This notebook contains the workflow for creating historical carbon and water fluxes for Australia through the full length of the MODIS archive (i.e., 2003-2022). It contains six main steps, instructions are provided in the subsections below. Pay close attention to the `Analysis Parameters` sections and ensure paths etc. are correct.

***
**Ideal compute environment:**

Assuming 500m resolution

- NCI's 'hugemem' queue
- X-large (24 cores, 765GiB) #mostly for combining ensembles
- Python 3.10.0
- Python venv: `/g/data/xc0/project/AusEFlux/env/py310`
- Storage Folders: `gdata/ub8+gdata/xc0`
***
<!-- > **Expected completion time to run all steps: ~3 hours** -->

## Import libraries and set up Dask


In [None]:
import numpy as np
import warnings
warnings.simplefilter(action='ignore')

import sys
sys.path.append('/g/data/xc0/project/AusEFlux/src/')
from _utils import start_local_dask, round_coords

In [None]:
client = start_local_dask(n_workers=30, threads_per_worker=1, mem_safety_margin='2Gb')
client

## Set up project directory structure

This workflow assumes a specific file/folder structure, here we create that folder structure to support the rest of the process.

Below, enter the `root directory location` where project results and data are stored, and determine the `target_grid` resolution (the spatial resolution of the final predictions, options are either '5km' or '1km').

If the folders already exist then no directories will be created.

In [None]:
base='/g/data/xc0/project/AusEFlux'
target_grid = '500m'
version='v2.1'

In [None]:
import sys
sys.path.append('/g/data/xc0/project/AusEFlux/src/')
from _utils import create_project_directories

create_project_directories(root_dir=base, version=version, target_grid=target_grid)

## Step 1: Spatiotemporal harmonisation of input datasets

Most datasets are originally from here: https://dapds00.nci.org.au/thredds/catalog/ub8/au/catalog.html

Dataset from this process are output as annual layers in `data/interim`

<!-- **Expected completion time ~2hrs** -->

### Analysis Parameters

* `base`: Path to where most of the data is stored
* `results`: Path to store interim datasets after they have undergone harmonisation.
* `year_start`: The first year in the series to predict.

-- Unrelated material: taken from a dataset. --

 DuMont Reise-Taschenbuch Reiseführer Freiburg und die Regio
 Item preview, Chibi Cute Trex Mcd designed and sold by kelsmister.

If predicting for a single year, make _year_start_ and _year_end_ the same.
* `year_end`: The last year in the series to predict. If predicting for a single year, make _year_start_ and _year_end_ the same.

In [None]:
target_grid = '500m'
results=f'/g/data/xc0/project/AusEFlux/data/interim_{target_grid}/'
year_start = 2003
year_end = 2024

### Run step 1



In [None]:
from _harmonisation import spatiotemporal_harmonisation

In [None]:
%%time
spatiotemporal_harmonisation(
    year_start=year_start,
    year_end=year_end,
    target_grid=target_grid,
    results_path=results,
    verbose=True
)

## Step 2: Create feature datasets

Combine results of the spatiotemporal harmonisation into temporally stacked netcdf files, and create new features/variables based on the climate (e.g. anomalies) and remote sensing (e.g veg fractions) datasets. 

### Analysis Parameters

* `base`: Path to where the harmonised datasets output from Step 1 are stored. 
* `results`: Path to store temporally stacked netcdf files i.e. where the outputs of Step 2 will be stored
* `exclude`: Variables to exclude from combining. i.e. Some of the variables in `/interim` output in Step 1 are not needed hereafter.

In [None]:
target_grid = '500m'
base = f'/g/data/xc0/project/AusEFlux/data/interim_{target_grid}/'
results=f'/g/data/xc0/project/AusEFlux/data/{target_grid}/'
exclude = ['.ipynb_checkpoints', 'kTavg', 'Tmax', 'Tmin', 'EVI']

### Run step 2

In [None]:
from _feature_datasets import create_feature_datasets

In [None]:
create_feature_datasets(
    base=base,
    results_path=results,
    exclude=exclude,
    target_grid=target_grid,
    verbose=True
)

## Step 3: Extract training data

Scrape the TERN server to extract all of the ozflux eddy covariance data, then append remote sensing data by using the coordinates of the flux tower to extract pixel values. 

### Analysis Parameters

* `version`: Version of OzFlux datasets to use, always has the form 'YYYY_v[number]'
* `level`: What level of OzFlux data to use, level 6 is the highest level and has been pre-processed to 'analysis ready'
* `type` : Ozflux data comes as either 'default' or 'site_pi' depending on how it was processed.
* `rs_data_folder`: Where are the spatiotemporally harmonised and stacked feature layers that we will append to the EC data? The code simply loops through all netcdf files and appends the data. We can filter for features later on.
* `save_ec_data`: If this variables is not 'None', then the EC netcdf files will be exported to this folder.
* `export_path`: Where should we save the .csv files that contain the EC and RS data? i.e. this is our training data
  

In [None]:
version='2023_v1'
level='L6'
type='default'
target_grid='500m'
rs_data_folder=f'/g/data/xc0/project/AusEFlux/data/{target_grid}/'
save_ec_data='/g/data/xc0/project/AusEFlux/data/ozflux_netcdf/'
export_path='/g/data/xc0/project/AusEFlux/data/training_data/'

### Run Step 3

In [None]:
import sys
sys.path.append('/g/data/xc0/project/AusEFlux/src/')
from _training import extract_ozflux

In [None]:
extract_ozflux(
    version=version,
    level=level,
    type=type,
    rs_data_folder=rs_data_folder,
    save_ec_data=save_ec_data,
    export_path=export_path,
    return_coords=True,
    verbose=True
)

### Create a plot of all the OzFlux sites (Optional)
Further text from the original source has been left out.